= Beginning of Section =

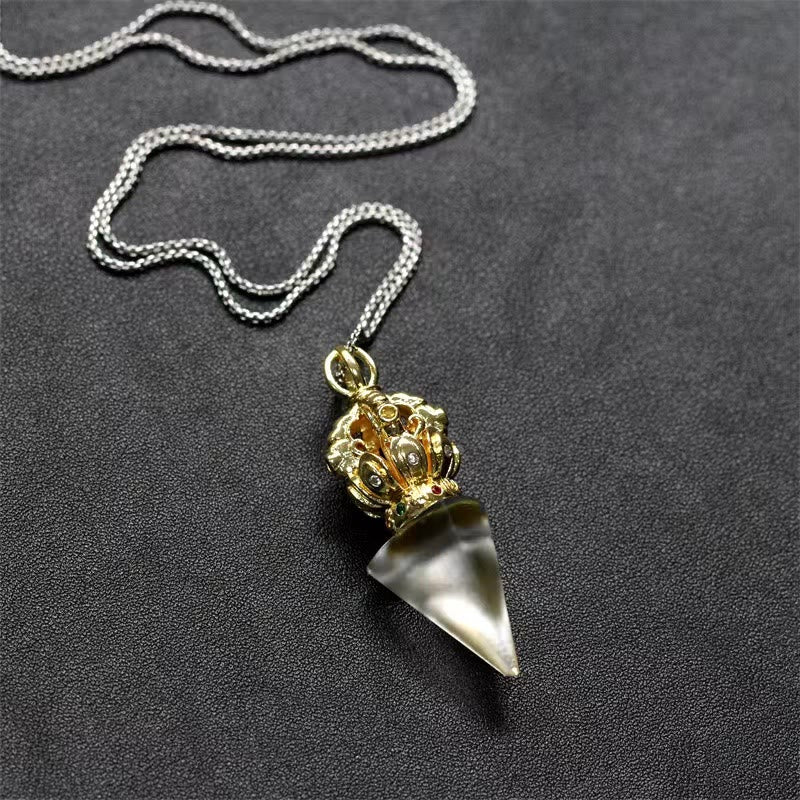 Tibetan Dorje Vajra 4 Prong Lotus Liuli Crystal Strength Necklace Pendant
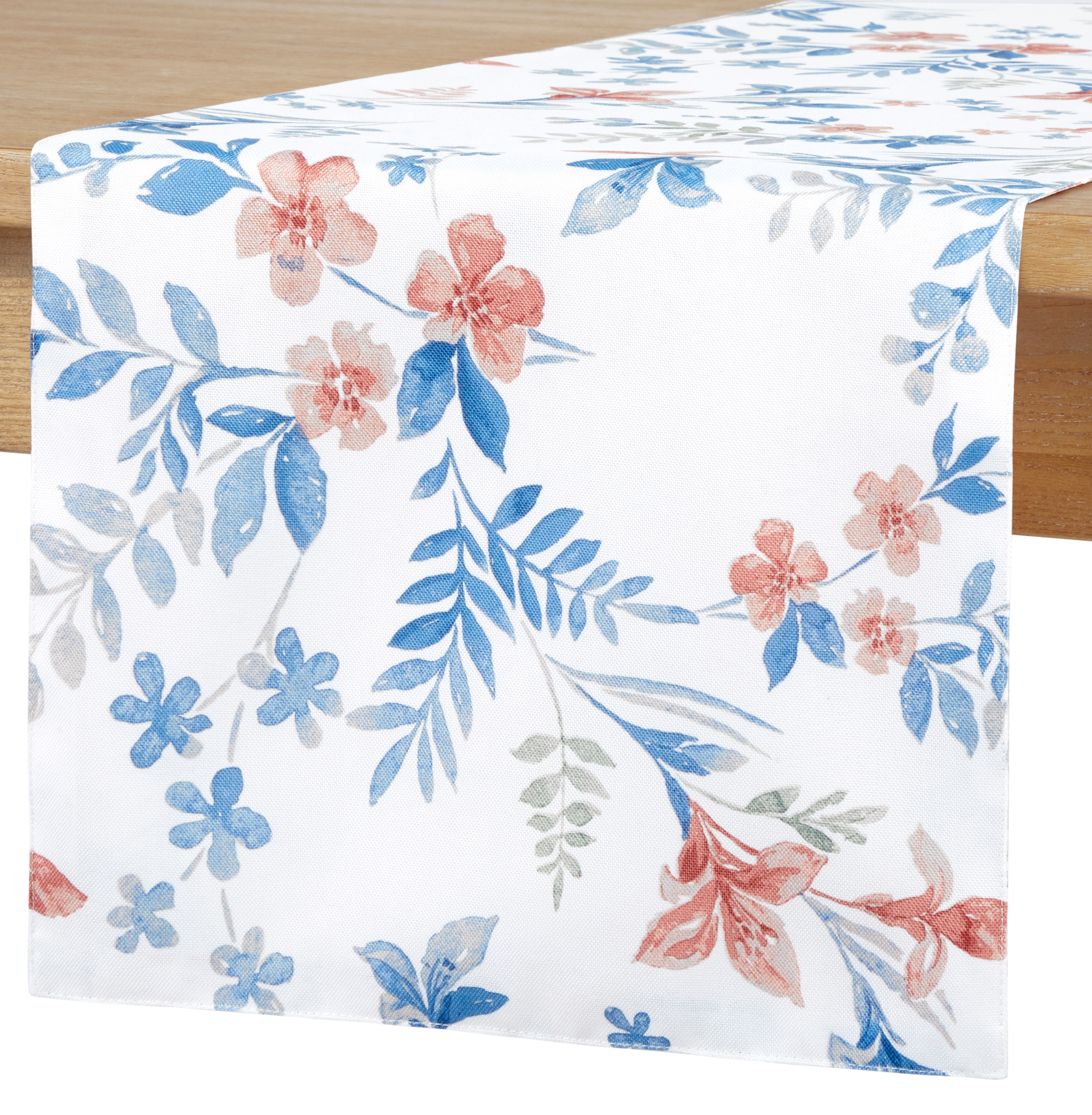 allen + roth White/Blue Cotton Rectangle Table Runner in the Serveware ...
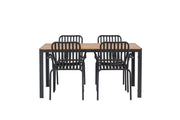 Venture Home Break Diningbord Alumnium - Black / Nature Rectangular 90*150* +Peking Diningchair Aluminium - Black / _4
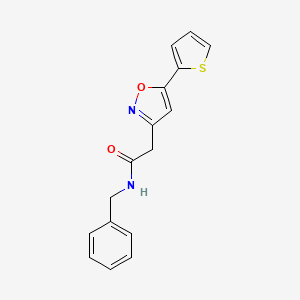 molecular formula C16H14N2O2S B2453970 N-苄基-2-(5-(噻吩-2-基)异噁唑-3-基)乙酰胺 CAS No. 946227-71-0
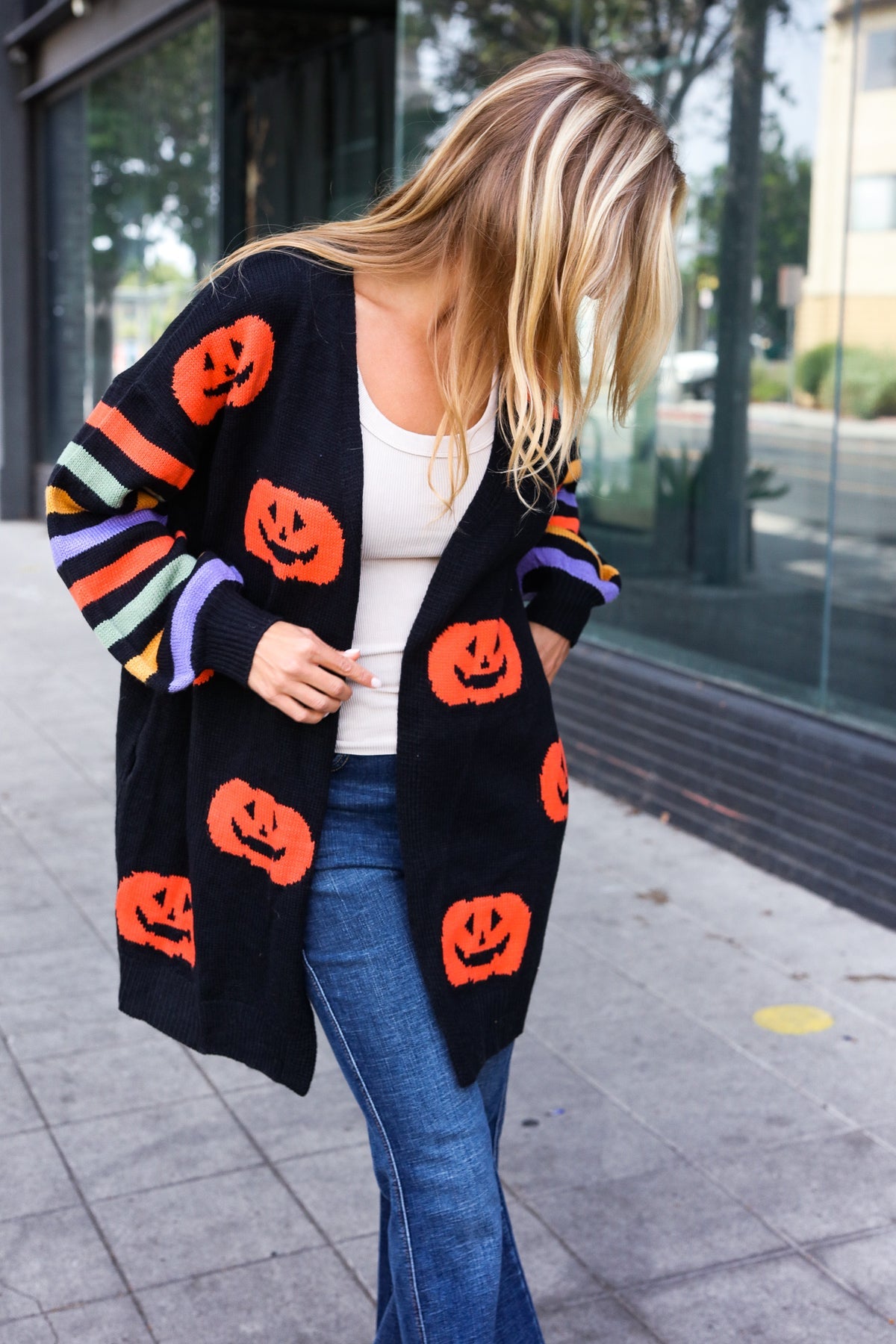 Pumpkin Multicolor Stripe Jacquard Knit Open Cardigan-Cardigans-Haptics-Urban Threadz Boutique, Women's Fashion Boutique in Saugatuck, MI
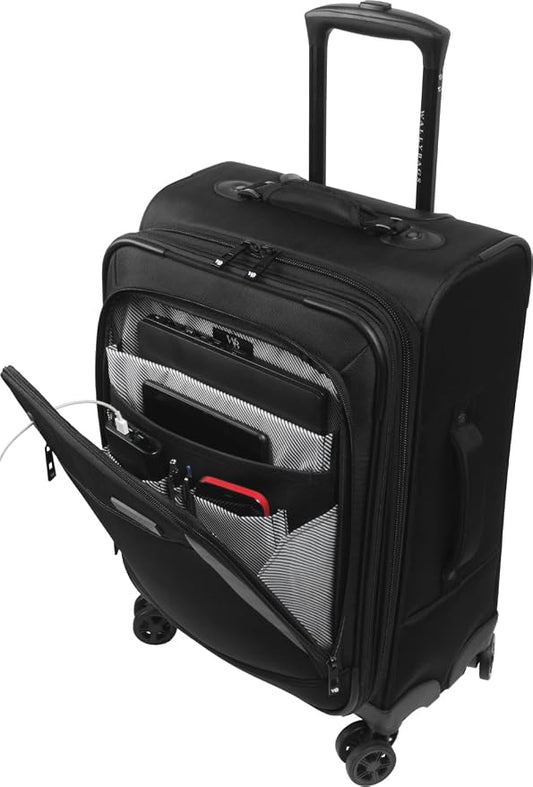 Wally Bags Solutions 20” Expandable Spinner Carry-On with Padded Laptop and Electronics Pockets by WallyBags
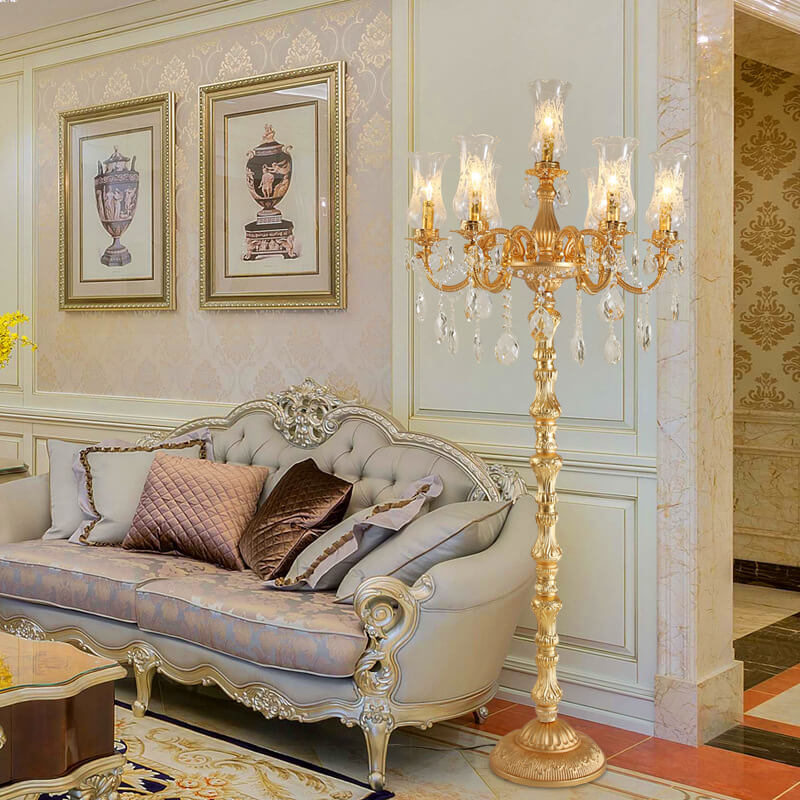 Traditional Luxury Golden Crystal Zinc Alloy Candle Holder 7-Light Standing Floor Lamp For Bedroom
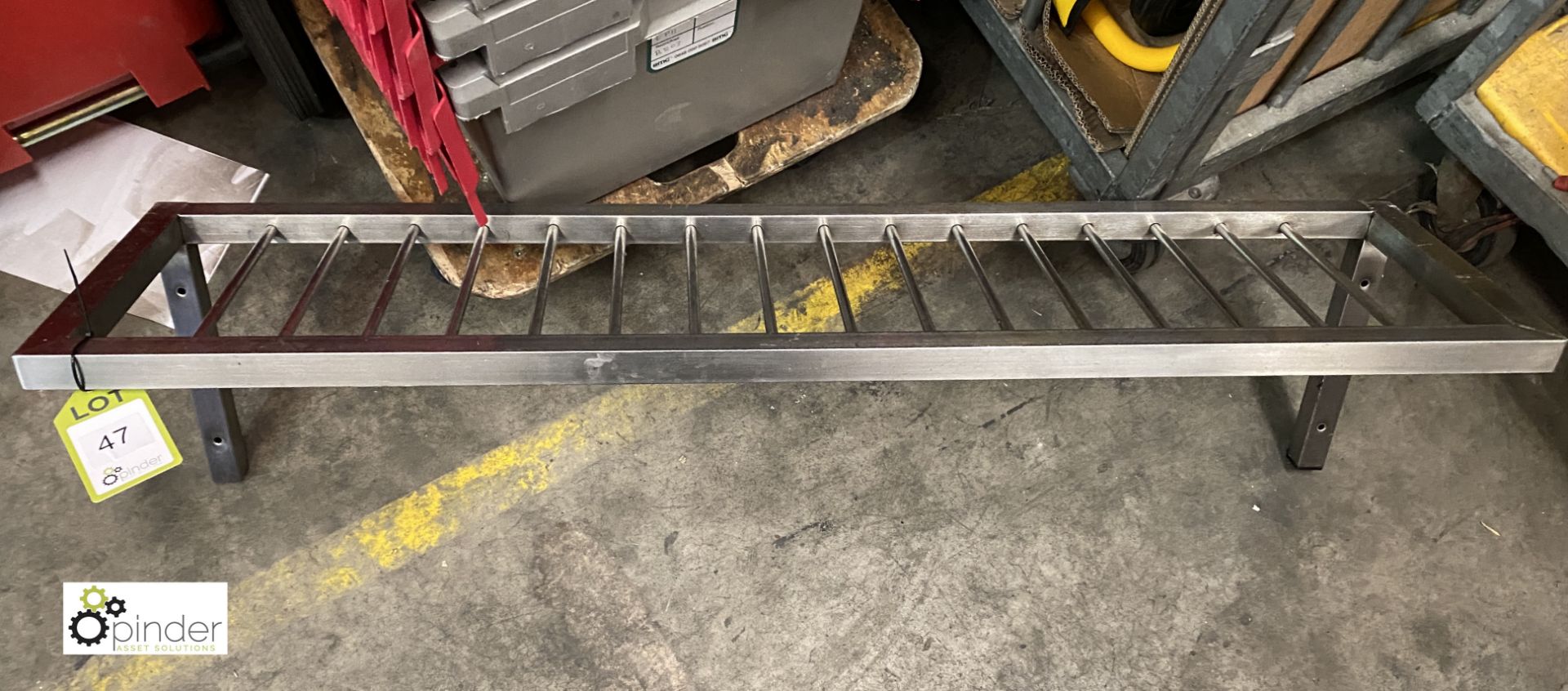 Stainless steel wall mounted Pan Rack, 1200mm x 300mm (LOCATION: Stanningley, Leeds)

= End of Section =

EXERCISE
A faithful transcription of the material, with no pictures, is the expected result.

EXERCISE ANSWER
 Tibetan Dorje Vajra 4 Prong Lotus Liuli Crystal Strength Necklace Pendant
 allen + roth White/Blue Cotton Rectangle Table Runner in the Serveware ...
 Venture Home Break Diningbord Alumnium - Black / Nature Rectangular 90*150* +Peking Diningchair Aluminium - Black / _4
 molecular formula C16H14N2O2S B2453970 N-苄基-2-(5-(噻吩-2-基)异噁唑-3-基)乙酰胺 CAS No. 946227-71-0
 Pumpkin Multicolor Stripe Jacquard Knit Open Cardigan-Cardigans-Haptics-Urban Threadz Boutique, Women's Fashion Boutique in Saugatuck, MI
 Wally Bags Solutions 20” Expandable Spinner Carry-On with Padded Laptop and Electronics Pockets by WallyBags
 Traditional Luxury Golden Crystal Zinc Alloy Candle Holder 7-Light Standing Floor Lamp For Bedroom
 Stainless steel wall mounted Pan Rack, 1200mm x 300mm (LOCATION: Stanningley, Leeds)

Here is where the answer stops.